With the semi-public beta of Google+ entering the social network universe, the question on everyone's mind is, "Will it be the Facebook Killer?"
In my opinion, yes. Maybe not tomorrow, and maybe not the next day, but perhaps in the next year or two.
We all left MySpace for Facebook, because Facebook was so easy to use, and it was clean, and didn't have all that trash that was collecting on MySpace. Now, after hopping into G+, I find myself saying "This is so clean, and easy to use, and not full of that trash that's collecting on Facebook!"
But will everyone on Facebook be willing to jump ship to join the next new thing? As an early adopter, I've got no problem doing this, nor do many of the people that are in my Google Circles, so for us, it's fun and interesting. However, the not-so-technically-inclined, like my mother, may not be very interested in learning a whole new setup.
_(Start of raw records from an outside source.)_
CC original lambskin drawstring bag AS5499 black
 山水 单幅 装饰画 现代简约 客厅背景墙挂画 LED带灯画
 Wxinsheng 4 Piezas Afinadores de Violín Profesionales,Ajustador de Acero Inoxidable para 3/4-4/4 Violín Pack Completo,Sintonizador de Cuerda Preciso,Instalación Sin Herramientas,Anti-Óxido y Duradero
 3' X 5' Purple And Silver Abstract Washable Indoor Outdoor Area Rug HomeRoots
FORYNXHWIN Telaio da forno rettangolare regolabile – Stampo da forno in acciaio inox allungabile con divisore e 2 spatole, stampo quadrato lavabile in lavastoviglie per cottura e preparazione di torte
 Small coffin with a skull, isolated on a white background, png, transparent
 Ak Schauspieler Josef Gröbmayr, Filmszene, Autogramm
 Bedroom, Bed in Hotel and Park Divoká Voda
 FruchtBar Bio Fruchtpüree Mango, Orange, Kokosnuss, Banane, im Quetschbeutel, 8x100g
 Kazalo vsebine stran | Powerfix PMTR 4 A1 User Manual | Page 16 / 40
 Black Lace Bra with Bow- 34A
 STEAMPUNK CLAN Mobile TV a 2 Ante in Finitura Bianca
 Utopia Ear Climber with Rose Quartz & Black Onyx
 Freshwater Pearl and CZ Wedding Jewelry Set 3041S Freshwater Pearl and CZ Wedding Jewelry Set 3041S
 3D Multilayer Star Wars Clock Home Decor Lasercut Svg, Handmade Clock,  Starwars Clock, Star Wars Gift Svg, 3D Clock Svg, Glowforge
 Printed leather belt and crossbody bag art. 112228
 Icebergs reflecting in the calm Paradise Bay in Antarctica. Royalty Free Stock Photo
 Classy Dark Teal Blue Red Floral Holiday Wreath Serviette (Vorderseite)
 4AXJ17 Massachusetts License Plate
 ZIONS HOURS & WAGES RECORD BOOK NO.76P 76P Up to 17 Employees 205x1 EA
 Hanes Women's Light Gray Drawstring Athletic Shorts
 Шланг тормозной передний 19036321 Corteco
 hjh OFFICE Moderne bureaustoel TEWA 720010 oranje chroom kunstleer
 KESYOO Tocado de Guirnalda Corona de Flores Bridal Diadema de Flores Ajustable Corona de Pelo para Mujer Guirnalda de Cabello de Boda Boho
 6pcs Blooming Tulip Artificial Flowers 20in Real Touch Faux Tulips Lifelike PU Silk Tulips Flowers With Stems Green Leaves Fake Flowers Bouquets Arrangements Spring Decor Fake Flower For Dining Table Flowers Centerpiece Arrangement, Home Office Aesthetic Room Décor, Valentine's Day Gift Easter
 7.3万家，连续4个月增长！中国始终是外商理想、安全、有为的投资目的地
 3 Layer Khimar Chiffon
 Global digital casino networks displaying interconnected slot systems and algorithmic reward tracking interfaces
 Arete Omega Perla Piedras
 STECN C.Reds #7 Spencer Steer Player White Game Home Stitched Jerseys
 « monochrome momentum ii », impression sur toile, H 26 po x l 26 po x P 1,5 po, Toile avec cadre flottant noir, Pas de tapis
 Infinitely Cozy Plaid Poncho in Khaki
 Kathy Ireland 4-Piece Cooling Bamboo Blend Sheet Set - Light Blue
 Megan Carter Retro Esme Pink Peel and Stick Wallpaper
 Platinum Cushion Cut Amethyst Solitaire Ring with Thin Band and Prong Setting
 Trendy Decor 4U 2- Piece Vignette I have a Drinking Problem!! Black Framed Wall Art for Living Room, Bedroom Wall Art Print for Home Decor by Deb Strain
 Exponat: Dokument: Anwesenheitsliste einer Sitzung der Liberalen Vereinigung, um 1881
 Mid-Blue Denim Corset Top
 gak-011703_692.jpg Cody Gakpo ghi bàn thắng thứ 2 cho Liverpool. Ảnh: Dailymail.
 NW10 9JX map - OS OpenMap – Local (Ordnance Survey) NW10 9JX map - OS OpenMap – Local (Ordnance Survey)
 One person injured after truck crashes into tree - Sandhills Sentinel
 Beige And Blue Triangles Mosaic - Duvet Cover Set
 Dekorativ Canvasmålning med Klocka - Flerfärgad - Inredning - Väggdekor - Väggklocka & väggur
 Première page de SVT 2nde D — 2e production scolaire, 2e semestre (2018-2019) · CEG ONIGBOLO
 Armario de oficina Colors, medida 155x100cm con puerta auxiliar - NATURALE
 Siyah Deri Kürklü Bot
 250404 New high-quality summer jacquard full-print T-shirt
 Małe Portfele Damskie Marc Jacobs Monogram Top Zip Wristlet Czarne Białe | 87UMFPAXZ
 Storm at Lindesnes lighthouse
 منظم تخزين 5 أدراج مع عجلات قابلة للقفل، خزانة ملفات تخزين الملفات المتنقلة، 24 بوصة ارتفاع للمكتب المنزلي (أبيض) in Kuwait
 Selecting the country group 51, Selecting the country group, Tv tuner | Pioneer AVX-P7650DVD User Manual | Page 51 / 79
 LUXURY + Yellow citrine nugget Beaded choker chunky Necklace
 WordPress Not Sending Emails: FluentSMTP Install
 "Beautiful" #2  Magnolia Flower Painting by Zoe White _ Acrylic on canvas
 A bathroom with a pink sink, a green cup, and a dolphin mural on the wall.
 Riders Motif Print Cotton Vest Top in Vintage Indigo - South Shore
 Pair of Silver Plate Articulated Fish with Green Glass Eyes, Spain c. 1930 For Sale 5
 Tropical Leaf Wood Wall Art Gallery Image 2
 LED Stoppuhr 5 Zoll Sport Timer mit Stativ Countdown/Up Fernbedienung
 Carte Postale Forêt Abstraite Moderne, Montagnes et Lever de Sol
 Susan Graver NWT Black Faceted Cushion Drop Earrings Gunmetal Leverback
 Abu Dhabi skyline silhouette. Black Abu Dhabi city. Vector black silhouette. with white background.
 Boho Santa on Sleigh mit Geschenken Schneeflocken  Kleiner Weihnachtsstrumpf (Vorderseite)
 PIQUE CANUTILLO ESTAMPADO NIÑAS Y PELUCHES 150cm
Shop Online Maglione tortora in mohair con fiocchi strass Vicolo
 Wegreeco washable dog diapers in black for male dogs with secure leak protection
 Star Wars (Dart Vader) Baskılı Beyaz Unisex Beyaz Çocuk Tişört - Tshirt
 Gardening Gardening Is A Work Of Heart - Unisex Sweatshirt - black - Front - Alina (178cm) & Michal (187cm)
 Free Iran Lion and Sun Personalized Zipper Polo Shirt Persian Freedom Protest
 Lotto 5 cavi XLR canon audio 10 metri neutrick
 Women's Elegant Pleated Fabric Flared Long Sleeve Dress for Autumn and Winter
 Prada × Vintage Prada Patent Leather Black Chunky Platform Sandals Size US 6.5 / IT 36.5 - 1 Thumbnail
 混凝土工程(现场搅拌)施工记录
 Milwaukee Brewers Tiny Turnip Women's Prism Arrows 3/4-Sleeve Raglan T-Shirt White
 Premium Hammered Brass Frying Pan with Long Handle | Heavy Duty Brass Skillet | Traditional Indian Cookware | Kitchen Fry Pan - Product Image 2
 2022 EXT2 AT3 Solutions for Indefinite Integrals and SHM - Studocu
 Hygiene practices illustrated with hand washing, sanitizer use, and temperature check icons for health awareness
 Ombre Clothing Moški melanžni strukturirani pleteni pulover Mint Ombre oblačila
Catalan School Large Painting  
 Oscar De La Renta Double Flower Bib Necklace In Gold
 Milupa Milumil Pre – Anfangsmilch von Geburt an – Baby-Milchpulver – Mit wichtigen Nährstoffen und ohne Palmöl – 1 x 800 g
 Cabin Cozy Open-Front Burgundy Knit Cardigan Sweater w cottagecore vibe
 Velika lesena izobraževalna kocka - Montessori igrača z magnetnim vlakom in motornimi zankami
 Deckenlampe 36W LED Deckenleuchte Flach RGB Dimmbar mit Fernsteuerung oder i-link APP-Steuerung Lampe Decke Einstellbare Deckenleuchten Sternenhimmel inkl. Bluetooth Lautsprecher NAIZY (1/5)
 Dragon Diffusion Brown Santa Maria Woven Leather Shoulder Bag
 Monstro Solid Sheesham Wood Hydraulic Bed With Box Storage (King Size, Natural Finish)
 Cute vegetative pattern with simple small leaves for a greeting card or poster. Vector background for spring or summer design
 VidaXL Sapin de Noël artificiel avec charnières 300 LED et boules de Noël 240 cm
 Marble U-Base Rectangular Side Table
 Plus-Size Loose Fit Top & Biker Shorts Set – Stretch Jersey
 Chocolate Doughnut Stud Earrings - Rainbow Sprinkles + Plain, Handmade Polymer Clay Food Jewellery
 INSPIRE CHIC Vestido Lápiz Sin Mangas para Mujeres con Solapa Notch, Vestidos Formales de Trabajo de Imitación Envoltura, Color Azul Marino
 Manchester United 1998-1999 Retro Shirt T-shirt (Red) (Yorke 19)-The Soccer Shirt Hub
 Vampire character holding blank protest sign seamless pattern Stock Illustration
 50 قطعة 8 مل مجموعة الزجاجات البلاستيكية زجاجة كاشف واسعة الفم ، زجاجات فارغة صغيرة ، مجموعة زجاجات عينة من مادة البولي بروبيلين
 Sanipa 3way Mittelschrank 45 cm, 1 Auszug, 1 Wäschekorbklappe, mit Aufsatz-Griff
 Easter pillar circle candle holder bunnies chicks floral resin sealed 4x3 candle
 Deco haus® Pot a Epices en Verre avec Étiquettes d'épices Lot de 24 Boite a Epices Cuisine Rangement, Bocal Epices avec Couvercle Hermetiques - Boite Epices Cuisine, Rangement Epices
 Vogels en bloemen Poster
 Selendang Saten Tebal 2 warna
The thing Google has going for it, is the same thing that Apple has going for it - it's sexy and fairly intuitive to use.
After spending just under a week on G+, then going back to Facebook for a few minutes, Facebook seemed a bit archaic and clunky. Facebook works, but some of the features aren't always that easy to find. Especially when you really get into it, and are trying to teach people how to be admins on public pages, or even trying to explain the difference between private profiles and public pages. It's got that "Microsoft feel" to it, which makes perfect sense for the Facebook / Microsoft team-up as of late. (Bing integration and now Skype; both are MS products.)
If you're one of the lucky ones who have been able to get an invite and get in the Google+ door, remember that G+ is still a work in progress. They tell you that right off the bat, so don't expect everything to be flawless when you get in there.
With the Facebook video announcement Wednesday, it seems appropriate to touch on the differences between the two.
Google's video chat, called "Hangout" can support up to 10 users at once (though I heard a rumor that it can support 20), whereas Facebook's new video can only do one on one.
The Hangout has a slick way of switching the main video automatically, to the person who is currently speaking. The quality is decent, but seems to go downhill as more people join, and if you get a room full of drunk social media loudmouths all talking at once, the thing freaks out a little.
Facebook's Skype quality is a little better - at first, but then starts to get out of sync and gets choppy to catch up and re-sync itself. (Of course quality on both platforms will depend on the users internet connection.)
I've had some interesting conversations with people who want to use the Hangout as a place for round table discussions on podcasts, livecasts, and even on-air segments, which makes perfect sense. Facebook's video chat won't be much use for this, as again, it's only one-on-one. Nothing innovative here. The desktop version of Skype, FaceTime, and even GChat Video can already do this.
There are a few strange things I've found with G+'s video chat, and I assume they will be addressed at some point. One, and this is kind of major, when video chatting, the service creates a massive temporary file on your machine. I mean gigs of space getting eaten the longer you chat. If you have a machine that doesn't have a lot of hard drive space, this is going to be a real problem. In order to get the space back, I had to reboot my entire MacBook.
The other weird thing is the way they have their muting setup. If a user wants to mute another user in the room, they click the "Mute" button next to the offender. The thing that seems odd to me, is that when doing so, this mutes the offender for the entire room - no one can hear them, but the muted person is the only one who can UNmute themselves. So if you want someone to shut up, and they don't want to, you can mute them, but they can just unmute themselves right away. Seems like a strange method to me.
The video settings seem to be a little buggy at the moment. You can go into the settings, change a video or audio source, but the settings don't seem to save, upon exiting.
The innovative video integration, and ease/ability to separate your followers into Circles will play a big part in Google+'s success.
Other thing Google has going for it, is the fact that so many people already use their other products. When they integrate Google+ with popular features like Reader and Gmail, users will be able to easily click and share, which goes a long way when it comes to social media.
Google will no doubt get the little bugs worked out, and when they do, people may finally openly admit they don't really like Facebook. We've put up with it for so long because there was nowhere else to go. Google+ is a pretty nice system already, and I think within the next few years, they could takeover the social network world...well..until the next shiny new thing comes along.